4. Establishes a New Design Point: This work proposes a new architectural primitive that could fundamentally alter how we design DSAs for dynamic applications. It moves beyond simply porting multicore CPU concepts (like the hardware lock cache, LCache, which they show is less effective) and instead creates a solution tailored to the needs of data structures and the constraints of DSAs. It provides a blueprint for what "synchronization support" could look like in this domain.

---

Weaknesses

While the core idea is strong, the paper could be strengthened by better contextualizing its contribution and exploring the boundaries of its applicability.

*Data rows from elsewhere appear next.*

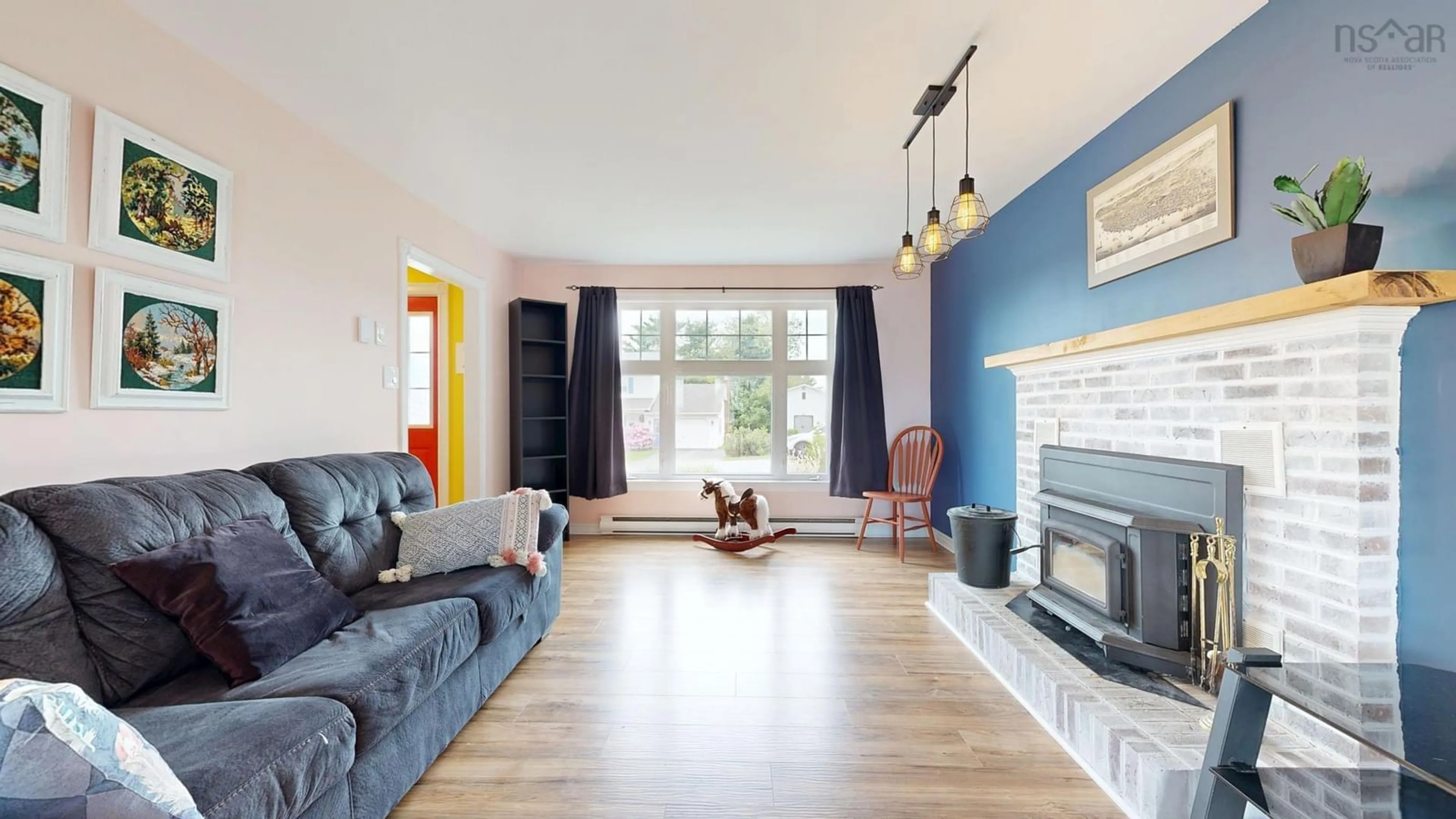 Living room with furniture, wood/laminate floor for 84 Apple Tree Lane, Kentville Nova Scotia B4N 3Y6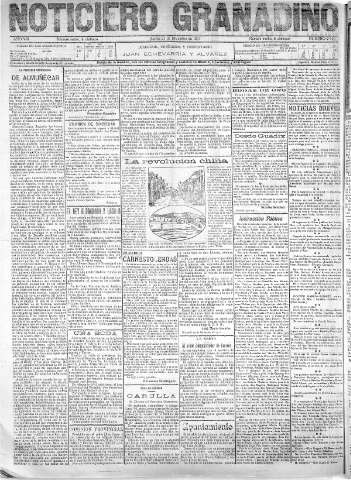 'Noticiero Granadino' - Año VIII Número 2690  - 1911 Diciembre 21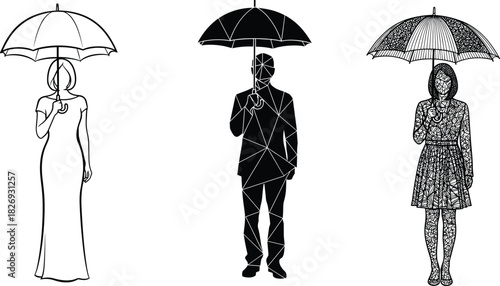 Elegant People Silhouettes with Umbrellas Stylish Man and Women Holding Umbrellas in Various Artistic Line and Geometric Black and White Vector Graphic Styles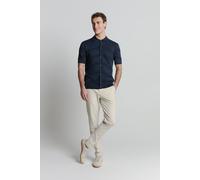 No Excess Pullover Short Sleeve Full Button Polo Relief Knit Deep Blue Talla: M | Jerséis Outlet | Hombre | Azul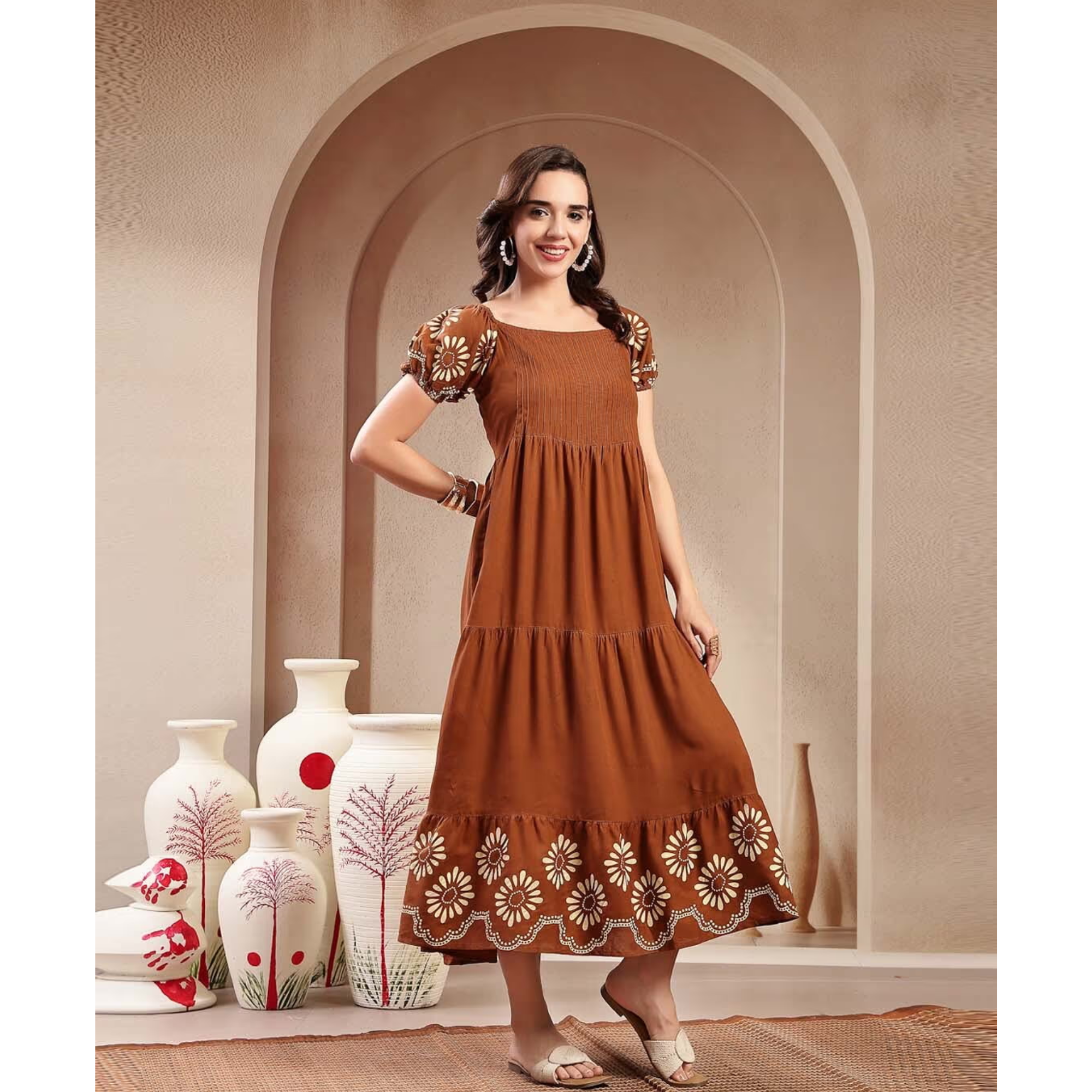 STYLUM Women Floral Print Tiered Dress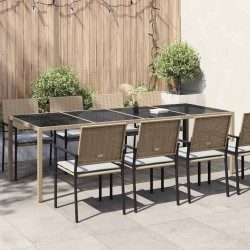 Table de jardin Beige 250x100x75 cm Verre trempé et poly rotin 570104570104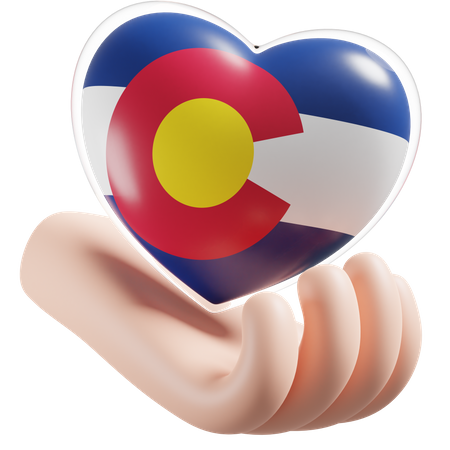 Heart Hand Care Flag Of Colorado  3D Icon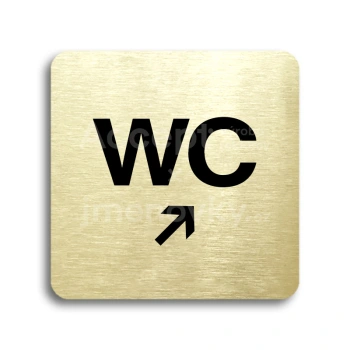 Piktogram "WC vpravo nahoru" - zlatá tabulka - černý tisk bez rámečku
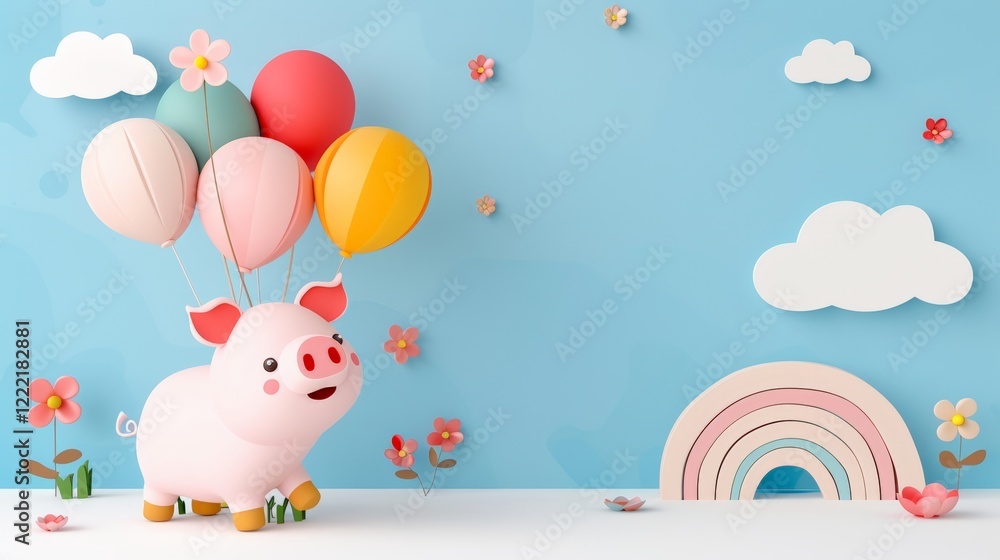 Obraz premium National Pig Day. A cute pink piglet standing in a field with colorful balloons and a rainbow.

1. Framing of Novelty: The paper presents range-based locking as a novel concept. However, key-range locking is a well-established and foundational technique in the database community, dating back decades (e.g., work by Mohan on ARIES/KVL, and predicate locking in general). The true novelty of this paper is not the concept of range locking, but its efficient, specialized hardware implementation for DSAs and its co-design with the dataflow execution model. The paper would be much stronger if it explicitly acknowledged this lineage and framed its contribution as adapting and accelerating a proven database concept for a new architectural paradigm.

2. Assumed Generality: The primary examples and evaluation are centered on ordered, tree-like data structures (B+trees, skip lists) where key ranges are a natural concept. It is less clear how well the Range-Blocks primitive would apply to other important dynamic structures. For example, in a dynamically resizing hash table, what constitutes a "range"? While the authors suggest hashing keys to an integer space (Section 4, page 7), a hash function's goal is to distribute keys pseudo-randomly, making contiguous integer ranges less meaningful. An update causing a table resize would invalidate many existing ranges simultaneously. The paper would benefit from a discussion of these limitations or a more detailed proposal for handling such cases.

3. Software/Compiler Complexity is Understated: The paper presents a clean API, but glosses over the significant challenge of how the software or a compiler would extract the [Lo, Hi] bounds from data structure nodes and manage the logic for trimming and upgrading locks. This hardware-software contract is critical to making the system work. A brief discussion on the compiler passes or programming model idioms required to effectively use RBlox would add significant practical weight to the proposal.

---

Questions to Address In Rebuttal

1. Could the authors please clarify the novelty of their work with respect to the long history of key-range locking in database systems? Positioning this work as a novel hardware architecture to accelerate these established software concepts would, in my view, strengthen the paper's contribution.

2. Beyond the B+tree and skip-list examples, how would the Range-Blocks facility handle the synchronization of a dynamic hash table, particularly during a table-wide resize operation where many disjoint keys must be moved and coordinated?

3. What is the expected complexity on the software/compiler side to use RBlox? Who is responsible for identifying the key ranges within nodes during traversal, and is this something that can be automated for common data structures or does it require significant manual programmer effort?